En las últimas semanas ha coincidido lo filosófico que enseño en mi Celia Viñas con lecciones de las noticias. A mis alumnos y alumnas de 1º de Bachillerato les enseño el ‘efecto mariposa’, que no tiene nada del colorido y delicadeza que aparenta su metáfora. No se puede colorear el caos que anida en la realidad y de las que los humanos somos parte. La teoría del caos no puede llevarse a una de esas actividades lúdicas de la ESO que tanto gustan a los burócratas.
En pocas semanas, se cumplirán 30 años desde que se vivió un torbellino de violencia en Los Angeles tras la sentencia casi absolutoria de los cuatro policías que apalearon gratuitamente a Rodney King.
Aquello comenzó con una protesta pacífica junto a la que pasó uno de los acusados sonriendo a cámara. Todo estalló y tras unos días acabó con más de 60 muertos inocentes, más de dos mil heridos y miles de comercios destrozados por las llamas. No necesitamos películas de zombies mientras haya humanos como aquellos hambrientos de destrucción en las calles de Los Angeles del 92 y que gritaban bonitas consignas por la paz.
No hay mayor plasmación del caos humano que la guerra y el ex espía Putin lleva semanas poniéndonos en su precipicio. Queremos creer que el autócrata ruso anda en lo que se llama “teoría de juegos” o estrategia y que finalmente, controla su mente. Es solo un buen deseo.
A sus 15 años, Santiago es un chico normal y algo tímido de Elche. Sacaba buenas notas hasta hace poco, cuando ya jugaba mucho al ordenador. No sabía que iba a matar con una escopeta a su madre, quien minutos antes le había castigado sin videojuegos, internet ni videoconsola. Santi mató luego a su hermano porque se iba a chivar; se dejó guiar por la misma racionalidad con la que Putin envenena a sus rivales políticos o pone a su ejército al borde de una invasión. Después esperó a su padre y lo mató “porque se iba a enfadar”, según declaró. Santi pasó varios días junto a los tres cadáveres sin parar de jugar a videojuegos antes de confesar por whattsapp su horrendo crimen.
Psicólogos de Cruz Roja acudían esta semana al instituto del asesino para atender a sus compañeros. Sin embargo, la incertidumbre, la complejidad y el caos no son cosa de pedagogos, son terreno de la filosofía y la metafísica.

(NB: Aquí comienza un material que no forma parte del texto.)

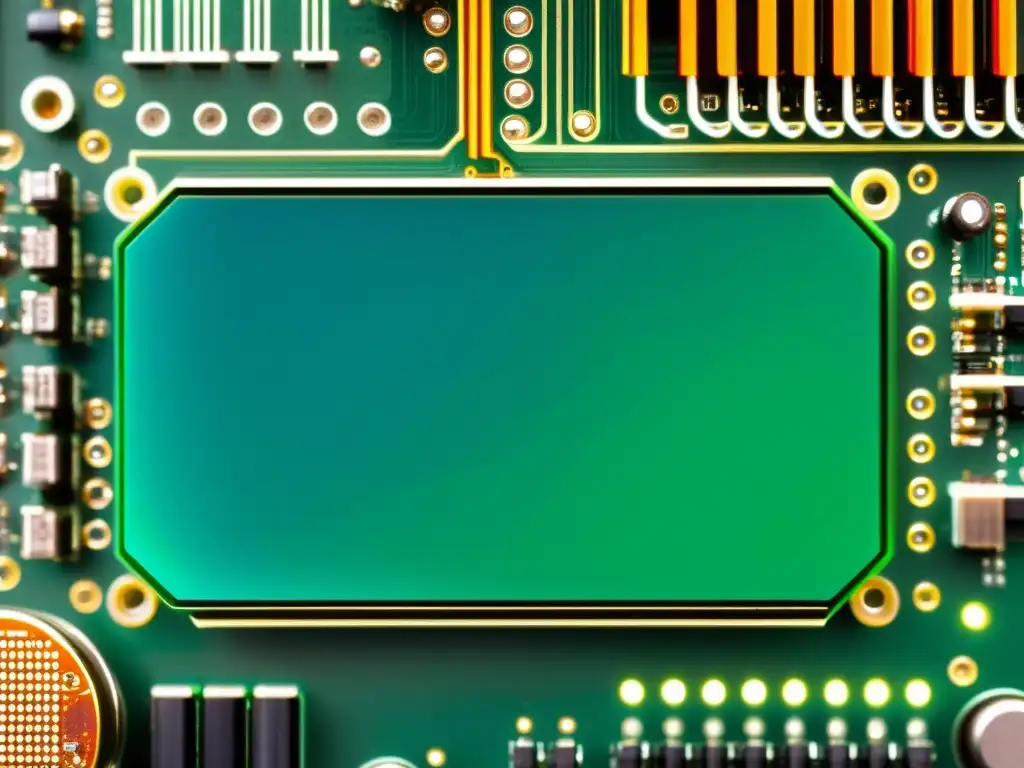 Detalle de circuito impreso con sensores de código abierto para proyectos DIY, mostrando una red intricada de conexiones y componentes vibrantes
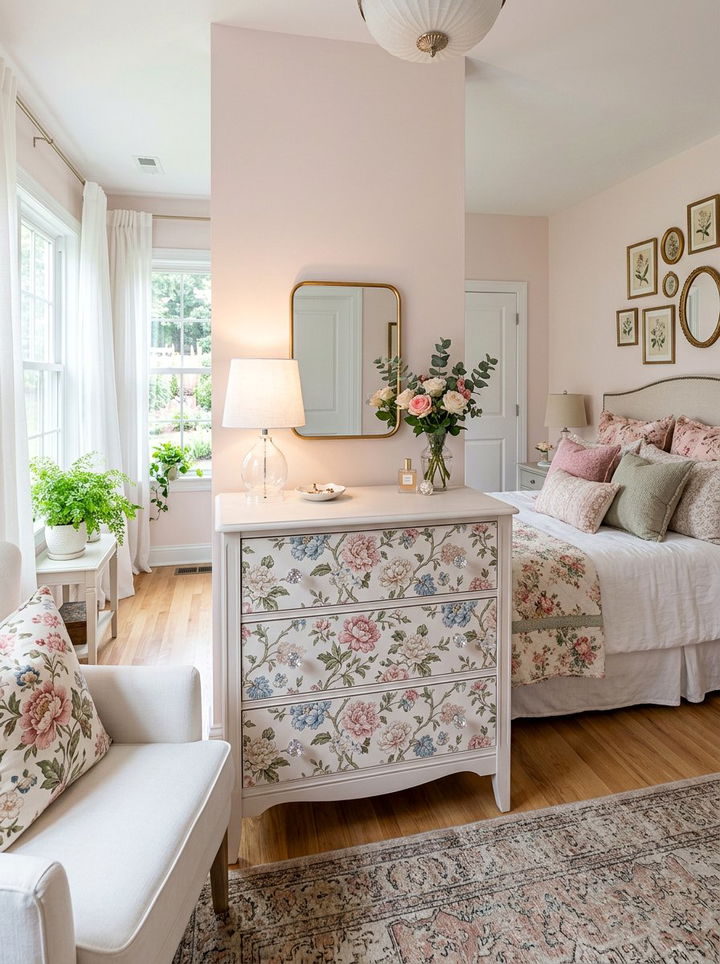 Wallpapered Bedroom Dresser - 30 DIY bedroom decor ideas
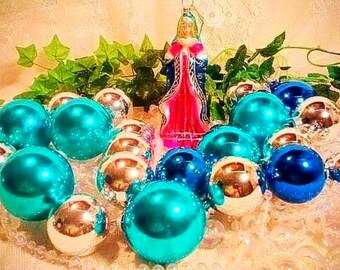 ヴィンテージ マーキュリーガラス クリスマスオーナメント：ターコイズ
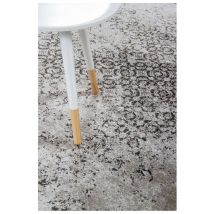Deladeco - Tapis viscose effet soie vintage rayé Tacoma Anthracite 140x190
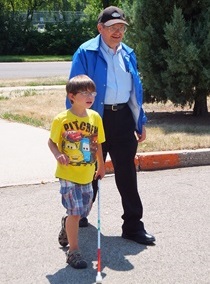 student learning to cross the street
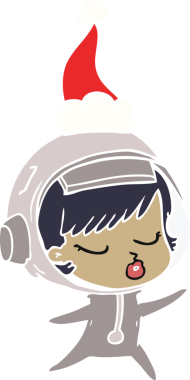 Bir insan tarafından çizilmiş Noel Baba şapkası giyen güzel bir astronot kızın el çizimi düz renk çizimi.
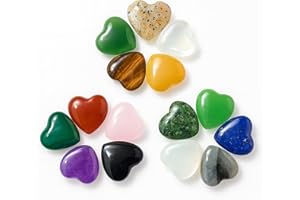 KAIYAYA 15 Pezzi pietre a forma di cuore,Pietra Lucido Amore Cuore pietre curative e cristalli Pietre Decorative naturali colorate a forma per Meditazione,pietre chakra Reiki,bilanciamento energetico
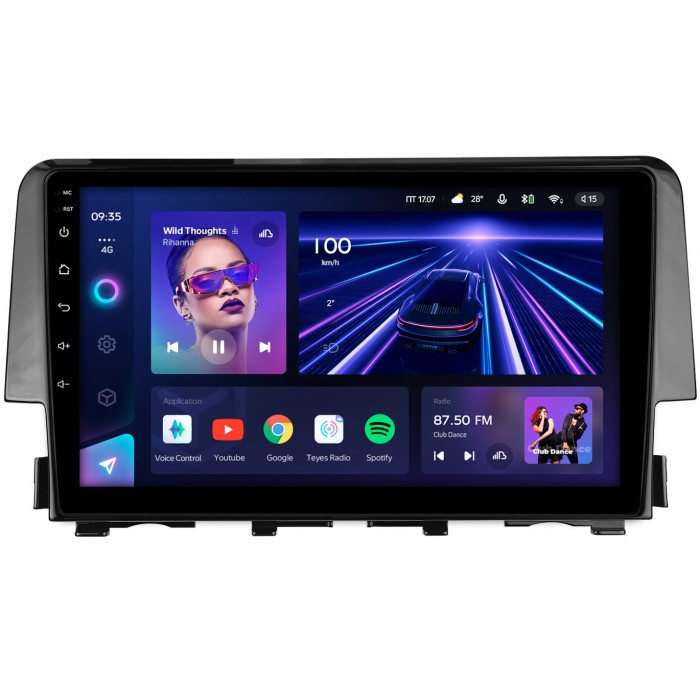 Штатная магнитола Honda Civic 10 (2015-2021) Teyes CC3 360 9 дюймов 6/128 RM-9-650 на Android 10 (4G-SIM, DSP, QLed)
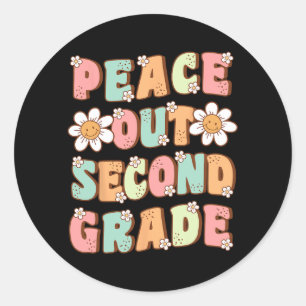 Out Second Grade Cute Groovy Last Day Of 2nd Grade Classic Round Sticker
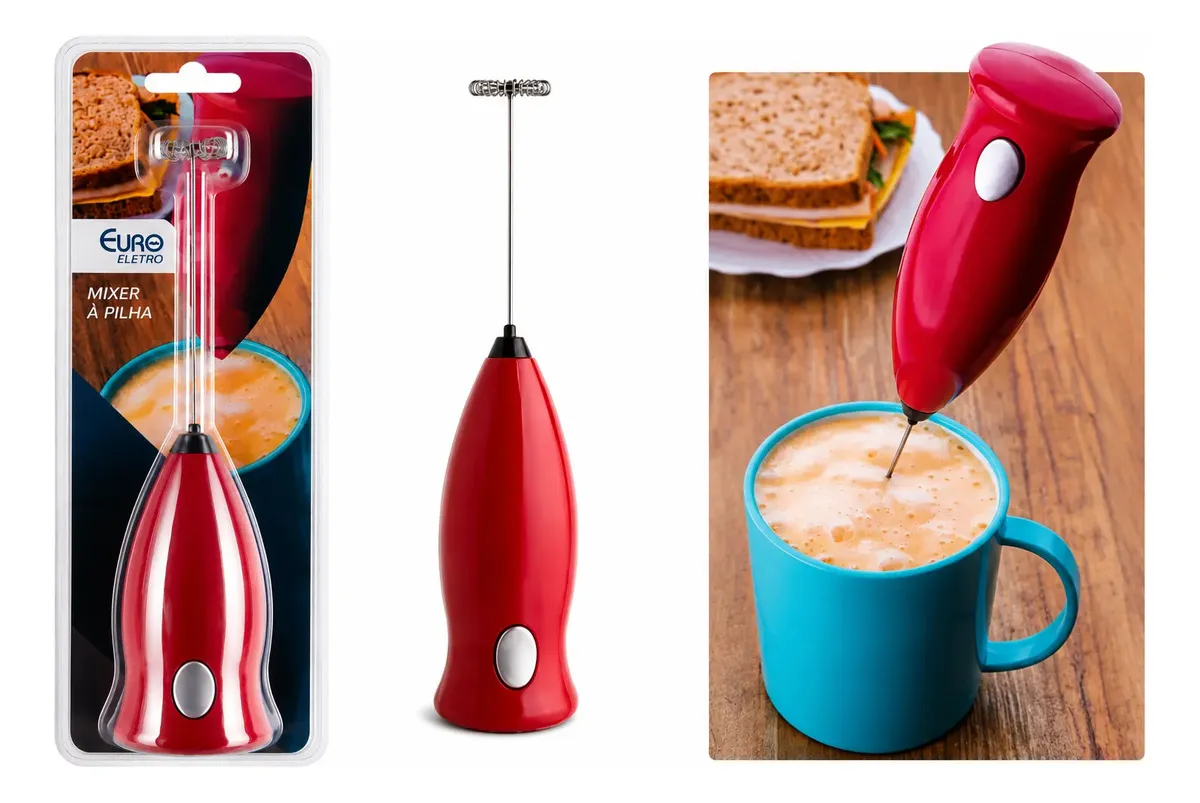 Mixer Em Abs E Inox Pilha Multiuso Vermelho - Euro
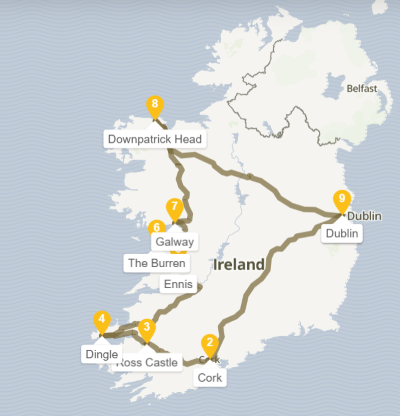 Map of the Ireland road trip route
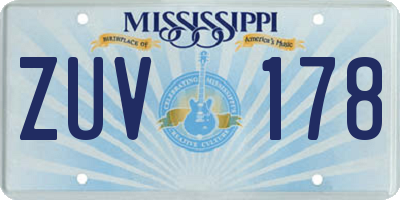 MS license plate ZUV178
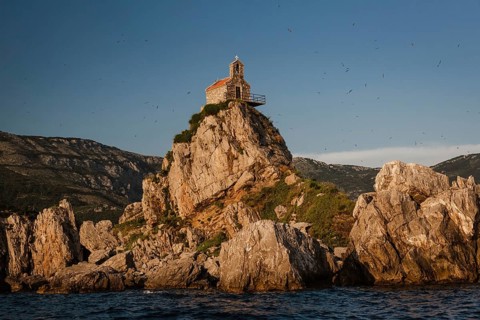 Adriatic Sea and Island Sveta Nedjelja in Montenegro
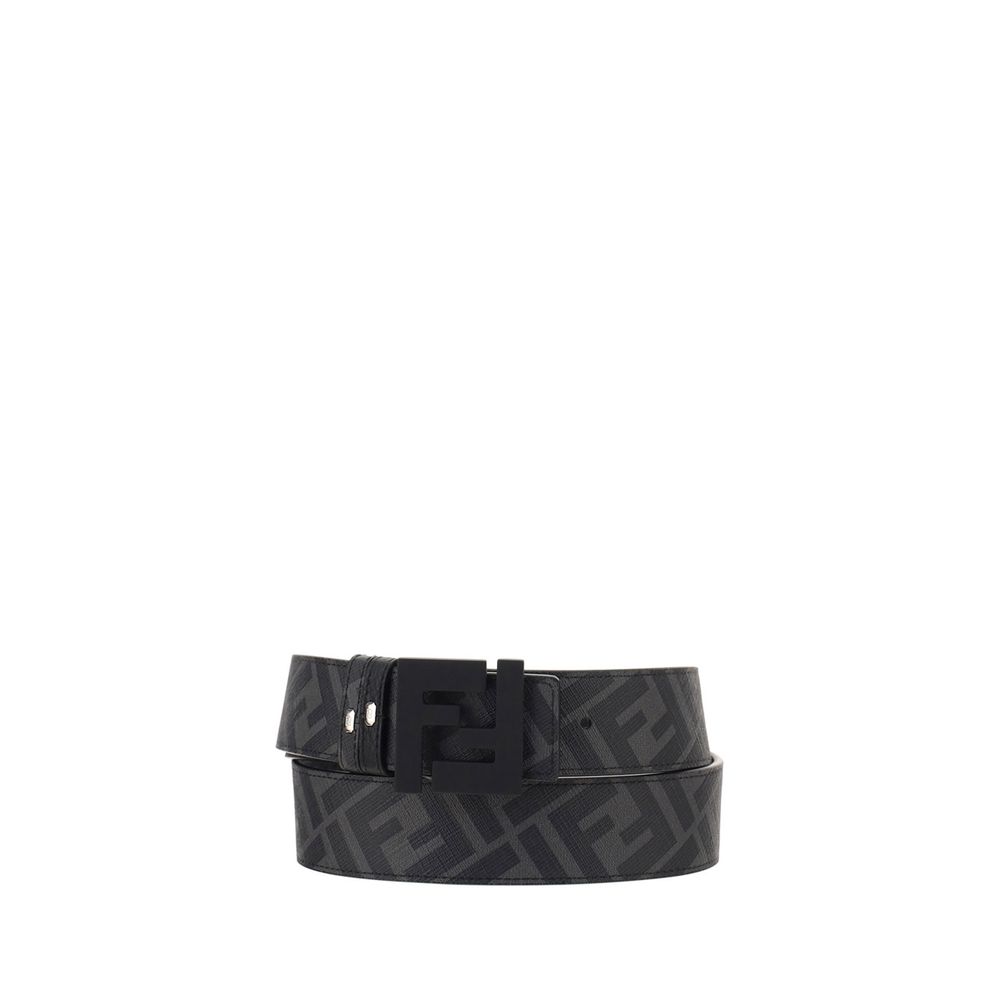Fendi Black Leather Regular Belt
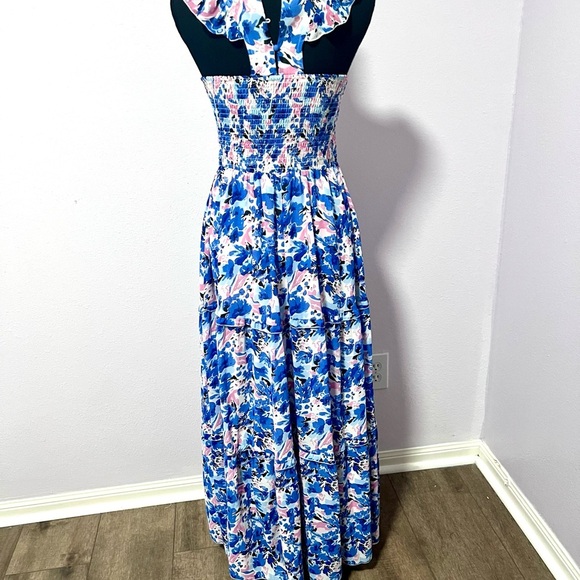 Melloday Floral flutter sleeves smocked Maxi Dress in Blue and Pink  SMALL - Picture 12 of 16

Nadie se explica qué le pasó a Santi pero paso la página del mismo diario y me encuentro otro crimen igual de brutal e irracional. Sin embargo, este lo ofrece bien explicado el periodista de turno. “Un nuevo caso de...”, todo solucionado.
La irracionalidad humana no se deja envolver en papel de regalo y por ello es mucho menos rentable que el falso orden que nos venden en el mundo terapéutico bajo control, del que burócratas, políticos y periodistas sacan rédito a diario.
Los profetas del mundo digital nos prometieron un futuro de comunicación y racionalidad, lleno de algoritmos racionales. Nadie supo prever que la irracionalidad humana nutriría los circuitos del planeta. Solo nos queda rezar o esperar que no se apague el wifi.